Sahkah puasa wajib atau sunnah sedangkan ada yang sudah berhari raya?
Jawabannya tetap sah puasa tersebut apalagi yang menjadi dasar puasa 
tersebut adalah sunnah Rasul dan ini pun jadi ketetapan ulama madzhab. 
Dalam hadits Ibnu ‘Umar disebutkan bahwa beliau pernah mendengar 
Rasulullah shallallahu ‘alaihi wa sallam bersabda,
إِذَا رَأَيْتُمُوهُ فَصُومُوا, وَإِذَا رَأَيْتُمُوهُ فَأَفْطِرُوا, فَإِنْ غُمَّ عَلَيْكُمْ فَاقْدُرُوا لَهُ
“Jika kalian melihat hilal, maka berpuasalah.

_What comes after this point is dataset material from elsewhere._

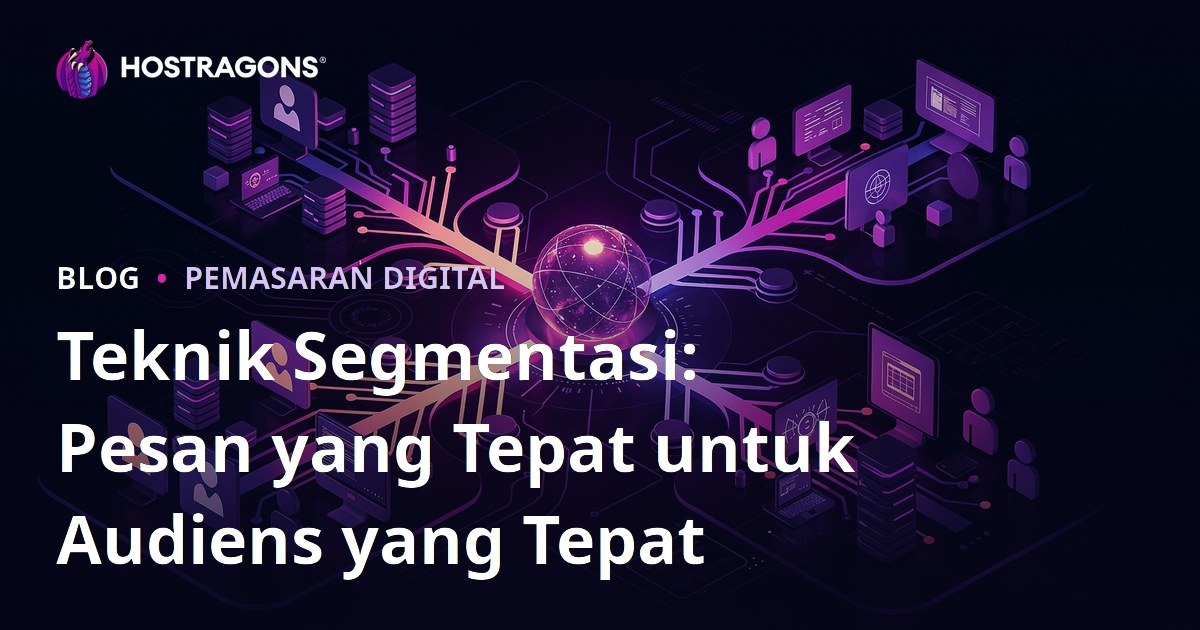 Teknik Segmentasi: Pesan yang Tepat untuk Audiens yang Tepat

Jika kalian melihatnya 
lagi, maka berhari rayalah. Jika hilal tertutup, maka genapkanlah (bulan
 Sya’ban menjadi 30 hari).” (Muttafaqun ‘alaih. HR. Bukhari no.
 1906 dan Muslim no. 1080). Yang dituntut dalam hadits adalah rukyatul 
hilal, melihat awal bulan bukan sekedar hilal itu wujud atau ada. Karena
 wujudnya hilal belum tentu terlihat.
Sebagai nasihat, di negeri mana pun di dunia ini selain Indonesia 
selalu mendengar kata pemerintah dalam berhari raya, mereka bukan 
mementingkan ego ormas atau kelompoknya. Hal ini pula yang diterapkan 
sejak masa Rasul. Kita dapat melihat contoh salaf dari dua hadits 
berikut ini.
وَعَنِ
 اِبْنِ عُمَرَ رَضِيَ اَللَّهُ عَنْهُمَا قَالَ: تَرَاءَى اَلنَّاسُ 
اَلْهِلَالَ, فَأَخْبَرْتُ رَسُولَ اَللَّهِ – صلى الله عليه وسلم – أَنِّي
 رَأَيْتُهُ, فَصَامَ, وَأَمَرَ اَلنَّاسَ بِصِيَامِهِ
Dari Ibnu ‘Umar radhiyallahu ‘anhuma, ia berkata, “Manusia 
sedang memperhatikan hilal. Lalu aku mengabarkan kepada Rasulullah 
shallallahu ‘alaihi wa sallam bahwa aku telah melihat hilal. Kemudian 
beliau berpuasa dan memerintahkan kaum muslimin untuk berpuasa.” (HR. 
Abu Daud no. 2342. Ibnu Hajar dalam Bulughul Marom berkata bahwa hadits 
ini dishahihkan oleh Ibnu Hibban dan Al-Hakim)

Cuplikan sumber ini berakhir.